According to the National Institutes of Health, N95 respirator masks can be reused up to three times. Between uses, they say masks should be decontaminated with one of three specific methods. The n95medicalsupplies.com website states that the NIH decontamination recommendations are also effective with a KN95.

The most effective method, according to the NIH, is to use hydrogen peroxide sprayed on the mask for 10 minutes. The other methods involve exposing the mask to dry heat of 158 degrees Fahrenheit for an hour or hitting the mask with ultraviolet light for an hour. One way to use the dry heat method is to use an oven. Do not use a microwave because of the metal strip inside the mask that goes around the nose. The NIH recommends checking the tightness and fit after using dry heat or ultraviolet light.

Visit wdt.me/tZ8rZC to read the full NIH article. For the article n95medicalsupplies.com, visit wdt.me/QRPwam.

Anyone looking to purchase quantities of N95 or KN95 masks can find them at www.projectn95.org, a non-profit organization dedicated to helping people and organizations avoid spending money on fraudulent personal protective equipment.
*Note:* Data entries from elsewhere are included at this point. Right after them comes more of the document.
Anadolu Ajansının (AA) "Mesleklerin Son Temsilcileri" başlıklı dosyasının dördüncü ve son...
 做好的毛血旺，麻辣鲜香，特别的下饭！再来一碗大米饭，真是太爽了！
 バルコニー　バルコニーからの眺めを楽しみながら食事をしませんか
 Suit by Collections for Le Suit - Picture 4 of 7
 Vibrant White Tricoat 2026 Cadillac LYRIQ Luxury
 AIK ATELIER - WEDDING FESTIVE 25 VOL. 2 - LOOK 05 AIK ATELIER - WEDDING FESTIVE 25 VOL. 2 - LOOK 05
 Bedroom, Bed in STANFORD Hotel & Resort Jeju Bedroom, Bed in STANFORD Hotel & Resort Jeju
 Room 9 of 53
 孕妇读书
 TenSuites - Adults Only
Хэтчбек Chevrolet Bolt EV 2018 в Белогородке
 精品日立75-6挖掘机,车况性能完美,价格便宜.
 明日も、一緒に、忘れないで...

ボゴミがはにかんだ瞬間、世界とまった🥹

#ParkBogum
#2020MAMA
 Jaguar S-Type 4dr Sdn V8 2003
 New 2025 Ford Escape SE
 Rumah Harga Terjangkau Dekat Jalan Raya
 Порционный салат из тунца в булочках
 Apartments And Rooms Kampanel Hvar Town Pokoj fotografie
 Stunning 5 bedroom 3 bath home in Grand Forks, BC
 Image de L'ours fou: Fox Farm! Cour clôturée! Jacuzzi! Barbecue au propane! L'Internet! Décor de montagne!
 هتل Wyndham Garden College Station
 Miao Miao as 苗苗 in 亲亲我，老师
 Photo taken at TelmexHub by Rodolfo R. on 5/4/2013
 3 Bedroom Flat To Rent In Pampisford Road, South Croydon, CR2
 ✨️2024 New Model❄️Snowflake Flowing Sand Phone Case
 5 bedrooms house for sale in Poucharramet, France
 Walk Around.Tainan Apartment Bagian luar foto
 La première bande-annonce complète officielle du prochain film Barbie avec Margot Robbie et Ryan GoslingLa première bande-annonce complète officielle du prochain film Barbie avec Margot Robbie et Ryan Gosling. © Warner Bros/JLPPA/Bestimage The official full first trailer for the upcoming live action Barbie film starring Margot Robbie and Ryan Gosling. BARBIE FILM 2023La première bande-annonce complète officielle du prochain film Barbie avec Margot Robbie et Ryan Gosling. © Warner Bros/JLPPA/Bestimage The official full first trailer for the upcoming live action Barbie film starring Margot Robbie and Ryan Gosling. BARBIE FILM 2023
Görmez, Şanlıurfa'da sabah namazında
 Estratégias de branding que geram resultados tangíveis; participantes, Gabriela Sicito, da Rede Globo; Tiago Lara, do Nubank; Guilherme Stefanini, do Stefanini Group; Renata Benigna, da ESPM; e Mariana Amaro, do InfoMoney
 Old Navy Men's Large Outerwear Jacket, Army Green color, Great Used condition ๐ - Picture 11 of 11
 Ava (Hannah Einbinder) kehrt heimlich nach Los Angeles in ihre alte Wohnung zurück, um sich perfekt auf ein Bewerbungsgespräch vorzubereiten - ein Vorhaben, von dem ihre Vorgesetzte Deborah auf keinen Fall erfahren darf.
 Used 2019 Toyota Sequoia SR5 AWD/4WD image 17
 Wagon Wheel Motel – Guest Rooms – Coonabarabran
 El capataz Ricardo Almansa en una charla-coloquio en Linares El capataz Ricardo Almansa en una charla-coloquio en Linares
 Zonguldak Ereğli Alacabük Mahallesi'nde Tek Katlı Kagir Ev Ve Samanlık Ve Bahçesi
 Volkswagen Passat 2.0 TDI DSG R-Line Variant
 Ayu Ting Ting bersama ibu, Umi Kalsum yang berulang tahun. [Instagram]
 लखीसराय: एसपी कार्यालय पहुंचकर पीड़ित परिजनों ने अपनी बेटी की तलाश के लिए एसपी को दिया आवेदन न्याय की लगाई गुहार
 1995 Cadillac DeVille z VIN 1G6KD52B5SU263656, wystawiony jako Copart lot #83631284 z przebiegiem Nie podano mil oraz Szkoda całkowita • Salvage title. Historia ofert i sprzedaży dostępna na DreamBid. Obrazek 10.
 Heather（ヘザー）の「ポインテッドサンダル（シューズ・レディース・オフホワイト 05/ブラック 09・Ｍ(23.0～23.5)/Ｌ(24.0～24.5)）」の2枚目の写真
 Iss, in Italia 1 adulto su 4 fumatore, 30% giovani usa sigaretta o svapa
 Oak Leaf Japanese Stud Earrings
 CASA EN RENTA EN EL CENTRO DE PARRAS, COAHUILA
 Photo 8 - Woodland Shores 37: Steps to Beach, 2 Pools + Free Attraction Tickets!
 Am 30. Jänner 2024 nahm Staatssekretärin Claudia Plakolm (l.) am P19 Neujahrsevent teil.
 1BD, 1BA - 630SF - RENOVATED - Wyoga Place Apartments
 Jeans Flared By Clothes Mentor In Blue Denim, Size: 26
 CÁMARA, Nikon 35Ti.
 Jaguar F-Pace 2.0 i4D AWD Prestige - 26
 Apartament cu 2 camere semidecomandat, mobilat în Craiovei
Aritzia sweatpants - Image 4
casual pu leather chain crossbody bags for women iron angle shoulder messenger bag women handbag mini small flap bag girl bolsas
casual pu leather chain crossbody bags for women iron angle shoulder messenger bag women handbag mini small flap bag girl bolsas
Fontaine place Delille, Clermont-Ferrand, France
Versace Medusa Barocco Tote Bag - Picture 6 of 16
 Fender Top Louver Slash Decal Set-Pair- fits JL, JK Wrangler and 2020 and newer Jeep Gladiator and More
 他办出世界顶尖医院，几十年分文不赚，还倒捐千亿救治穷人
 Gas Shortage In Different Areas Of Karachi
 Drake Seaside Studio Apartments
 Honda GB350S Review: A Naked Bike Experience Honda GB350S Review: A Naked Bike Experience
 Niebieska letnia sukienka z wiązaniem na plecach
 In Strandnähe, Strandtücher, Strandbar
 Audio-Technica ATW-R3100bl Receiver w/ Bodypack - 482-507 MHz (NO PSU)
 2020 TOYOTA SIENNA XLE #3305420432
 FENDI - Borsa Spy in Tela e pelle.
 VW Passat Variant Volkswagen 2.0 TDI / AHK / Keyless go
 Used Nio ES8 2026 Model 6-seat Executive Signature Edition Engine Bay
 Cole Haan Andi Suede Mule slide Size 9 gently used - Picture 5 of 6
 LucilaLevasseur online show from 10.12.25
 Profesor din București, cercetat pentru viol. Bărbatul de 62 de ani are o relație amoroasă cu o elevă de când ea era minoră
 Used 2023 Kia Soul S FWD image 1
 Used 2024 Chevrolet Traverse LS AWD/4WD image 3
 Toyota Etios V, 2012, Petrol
Project N95 also sells other items of PPE, as well as home PCR tests for COVID-19. A PCR test is a molecular test that is more sensitive than rapid antigen tests, the type sold without a prescription. Rapid tests generally work well for people with symptoms. Health officials recommend that anyone with symptoms of COVID-19 whose rapid antigen test is negative take a PCR test to confirm.

Project N95 home PCR tests should be sent to a lab for results. They cost $ 99 each. Testing at New York State sites is free. Tests are also free in many hospital systems, including Santé Saint-Laurent.